• [TASK GOAL] Please report how many lines in the records below contain "wedding". Reply with the number alone.
Start of DATASET RECORDS
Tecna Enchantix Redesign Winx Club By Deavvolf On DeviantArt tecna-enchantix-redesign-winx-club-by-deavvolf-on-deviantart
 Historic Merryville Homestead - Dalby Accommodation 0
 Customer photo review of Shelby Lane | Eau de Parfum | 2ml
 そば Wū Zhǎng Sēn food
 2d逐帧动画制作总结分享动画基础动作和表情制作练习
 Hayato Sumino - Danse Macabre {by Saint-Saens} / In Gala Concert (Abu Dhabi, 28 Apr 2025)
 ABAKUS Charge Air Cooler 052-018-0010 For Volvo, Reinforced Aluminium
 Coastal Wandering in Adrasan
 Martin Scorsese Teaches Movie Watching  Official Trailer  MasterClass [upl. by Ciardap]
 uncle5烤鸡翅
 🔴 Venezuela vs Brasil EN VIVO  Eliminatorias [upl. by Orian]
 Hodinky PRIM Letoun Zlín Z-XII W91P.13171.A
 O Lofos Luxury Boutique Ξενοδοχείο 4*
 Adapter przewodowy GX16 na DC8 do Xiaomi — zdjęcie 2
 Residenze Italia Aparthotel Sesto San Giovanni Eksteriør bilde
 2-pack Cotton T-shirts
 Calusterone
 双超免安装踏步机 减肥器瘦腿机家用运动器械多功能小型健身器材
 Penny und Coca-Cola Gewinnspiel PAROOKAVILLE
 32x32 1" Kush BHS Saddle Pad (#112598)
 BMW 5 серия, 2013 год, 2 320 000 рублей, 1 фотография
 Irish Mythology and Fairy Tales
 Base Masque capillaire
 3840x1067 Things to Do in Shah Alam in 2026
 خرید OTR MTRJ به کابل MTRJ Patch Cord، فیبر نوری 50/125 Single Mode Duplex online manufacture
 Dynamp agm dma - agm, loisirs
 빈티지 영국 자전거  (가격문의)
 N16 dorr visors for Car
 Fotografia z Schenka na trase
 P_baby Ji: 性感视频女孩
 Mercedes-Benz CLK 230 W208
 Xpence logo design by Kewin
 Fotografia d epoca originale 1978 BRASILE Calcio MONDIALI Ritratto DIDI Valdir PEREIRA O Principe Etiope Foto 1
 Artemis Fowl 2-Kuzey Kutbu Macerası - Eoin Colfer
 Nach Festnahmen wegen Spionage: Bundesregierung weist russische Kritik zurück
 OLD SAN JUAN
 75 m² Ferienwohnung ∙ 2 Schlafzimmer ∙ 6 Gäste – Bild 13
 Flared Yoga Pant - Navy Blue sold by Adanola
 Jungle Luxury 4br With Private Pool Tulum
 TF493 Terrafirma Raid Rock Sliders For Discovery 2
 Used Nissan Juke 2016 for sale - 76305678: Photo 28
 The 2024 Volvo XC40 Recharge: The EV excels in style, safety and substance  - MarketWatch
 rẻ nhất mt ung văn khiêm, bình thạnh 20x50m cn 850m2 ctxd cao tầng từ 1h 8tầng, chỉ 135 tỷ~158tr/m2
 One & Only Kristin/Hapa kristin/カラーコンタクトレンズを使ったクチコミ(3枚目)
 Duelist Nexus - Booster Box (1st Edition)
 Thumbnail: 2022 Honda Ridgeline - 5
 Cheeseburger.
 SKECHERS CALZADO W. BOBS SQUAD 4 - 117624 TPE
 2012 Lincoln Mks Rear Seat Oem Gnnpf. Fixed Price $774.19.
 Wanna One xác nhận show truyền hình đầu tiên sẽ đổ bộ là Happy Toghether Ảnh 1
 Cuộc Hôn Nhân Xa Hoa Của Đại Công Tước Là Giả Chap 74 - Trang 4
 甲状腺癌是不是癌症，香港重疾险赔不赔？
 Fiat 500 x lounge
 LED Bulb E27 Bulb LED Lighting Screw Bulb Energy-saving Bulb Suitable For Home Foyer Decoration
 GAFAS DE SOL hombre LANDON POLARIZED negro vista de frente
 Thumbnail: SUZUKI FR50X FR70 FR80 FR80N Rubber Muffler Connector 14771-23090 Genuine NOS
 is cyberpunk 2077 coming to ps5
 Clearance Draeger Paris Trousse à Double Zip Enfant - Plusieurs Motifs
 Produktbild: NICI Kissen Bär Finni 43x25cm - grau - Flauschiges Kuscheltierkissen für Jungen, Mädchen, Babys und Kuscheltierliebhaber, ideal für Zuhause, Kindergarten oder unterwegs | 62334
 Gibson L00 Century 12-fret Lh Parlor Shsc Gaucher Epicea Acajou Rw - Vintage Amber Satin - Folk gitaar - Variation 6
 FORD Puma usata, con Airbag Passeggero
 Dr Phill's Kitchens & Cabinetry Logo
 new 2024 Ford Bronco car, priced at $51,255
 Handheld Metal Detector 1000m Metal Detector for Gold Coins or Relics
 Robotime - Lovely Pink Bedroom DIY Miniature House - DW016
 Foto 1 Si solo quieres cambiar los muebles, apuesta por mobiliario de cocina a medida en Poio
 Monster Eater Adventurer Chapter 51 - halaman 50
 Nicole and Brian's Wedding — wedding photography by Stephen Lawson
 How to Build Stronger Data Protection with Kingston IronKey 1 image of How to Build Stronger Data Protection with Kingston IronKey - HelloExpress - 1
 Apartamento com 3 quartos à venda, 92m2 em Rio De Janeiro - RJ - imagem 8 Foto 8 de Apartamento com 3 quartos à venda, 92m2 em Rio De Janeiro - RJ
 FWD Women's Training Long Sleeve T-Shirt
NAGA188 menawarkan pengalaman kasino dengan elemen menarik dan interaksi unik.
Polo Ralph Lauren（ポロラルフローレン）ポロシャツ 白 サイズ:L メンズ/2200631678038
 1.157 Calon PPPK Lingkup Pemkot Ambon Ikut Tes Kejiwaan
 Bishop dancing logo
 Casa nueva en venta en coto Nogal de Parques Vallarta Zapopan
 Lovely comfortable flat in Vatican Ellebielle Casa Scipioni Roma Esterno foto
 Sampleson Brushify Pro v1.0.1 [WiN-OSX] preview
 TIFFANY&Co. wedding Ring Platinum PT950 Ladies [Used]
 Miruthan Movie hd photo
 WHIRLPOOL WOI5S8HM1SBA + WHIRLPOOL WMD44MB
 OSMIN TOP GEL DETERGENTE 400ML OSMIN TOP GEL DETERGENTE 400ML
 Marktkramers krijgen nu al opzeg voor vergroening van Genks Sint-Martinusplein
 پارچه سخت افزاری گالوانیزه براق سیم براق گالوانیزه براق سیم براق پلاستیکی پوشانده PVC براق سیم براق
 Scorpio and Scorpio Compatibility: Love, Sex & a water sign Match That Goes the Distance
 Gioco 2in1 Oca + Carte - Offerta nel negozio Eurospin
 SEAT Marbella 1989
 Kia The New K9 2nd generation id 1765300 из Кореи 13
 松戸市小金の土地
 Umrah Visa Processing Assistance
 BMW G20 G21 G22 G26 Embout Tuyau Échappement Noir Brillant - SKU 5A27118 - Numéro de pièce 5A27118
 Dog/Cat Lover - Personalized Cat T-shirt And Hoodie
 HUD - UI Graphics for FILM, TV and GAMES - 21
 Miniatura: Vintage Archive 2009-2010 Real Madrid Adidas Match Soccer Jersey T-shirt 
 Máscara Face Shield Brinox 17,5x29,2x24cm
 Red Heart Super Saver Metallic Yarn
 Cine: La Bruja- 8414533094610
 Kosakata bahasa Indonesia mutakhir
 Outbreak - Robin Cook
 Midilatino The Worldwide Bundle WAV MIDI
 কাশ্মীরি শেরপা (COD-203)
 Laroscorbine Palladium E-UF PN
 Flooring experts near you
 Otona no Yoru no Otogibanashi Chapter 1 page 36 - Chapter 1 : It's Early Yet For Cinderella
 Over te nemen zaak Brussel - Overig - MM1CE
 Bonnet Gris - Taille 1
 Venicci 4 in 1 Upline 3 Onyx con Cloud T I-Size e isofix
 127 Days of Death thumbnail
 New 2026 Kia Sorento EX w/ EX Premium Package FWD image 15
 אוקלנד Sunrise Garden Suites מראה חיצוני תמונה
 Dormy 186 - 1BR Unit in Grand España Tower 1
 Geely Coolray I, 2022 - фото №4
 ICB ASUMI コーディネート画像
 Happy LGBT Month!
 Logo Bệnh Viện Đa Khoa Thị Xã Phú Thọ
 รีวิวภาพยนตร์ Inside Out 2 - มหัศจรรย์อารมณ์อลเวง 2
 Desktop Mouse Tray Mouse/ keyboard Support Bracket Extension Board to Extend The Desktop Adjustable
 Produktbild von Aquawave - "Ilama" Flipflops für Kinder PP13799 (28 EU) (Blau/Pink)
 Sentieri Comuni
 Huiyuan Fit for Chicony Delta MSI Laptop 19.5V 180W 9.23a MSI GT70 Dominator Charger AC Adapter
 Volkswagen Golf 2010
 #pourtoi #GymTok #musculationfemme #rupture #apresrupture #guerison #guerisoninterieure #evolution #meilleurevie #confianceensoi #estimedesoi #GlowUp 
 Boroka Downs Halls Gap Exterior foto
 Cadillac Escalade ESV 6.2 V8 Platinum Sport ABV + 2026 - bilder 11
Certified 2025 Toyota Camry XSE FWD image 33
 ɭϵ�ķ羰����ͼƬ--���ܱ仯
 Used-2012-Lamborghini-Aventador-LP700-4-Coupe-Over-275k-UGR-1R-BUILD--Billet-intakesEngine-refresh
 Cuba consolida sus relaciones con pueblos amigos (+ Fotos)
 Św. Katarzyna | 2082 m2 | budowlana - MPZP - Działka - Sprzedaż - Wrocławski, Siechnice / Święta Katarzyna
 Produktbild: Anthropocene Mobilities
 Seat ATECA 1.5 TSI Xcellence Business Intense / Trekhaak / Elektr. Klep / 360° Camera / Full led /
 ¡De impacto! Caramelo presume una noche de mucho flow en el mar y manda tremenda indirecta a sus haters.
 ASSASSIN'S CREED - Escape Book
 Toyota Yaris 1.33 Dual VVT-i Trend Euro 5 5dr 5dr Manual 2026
End of DATASET RECORDS
• [TASK OUTPUT] 2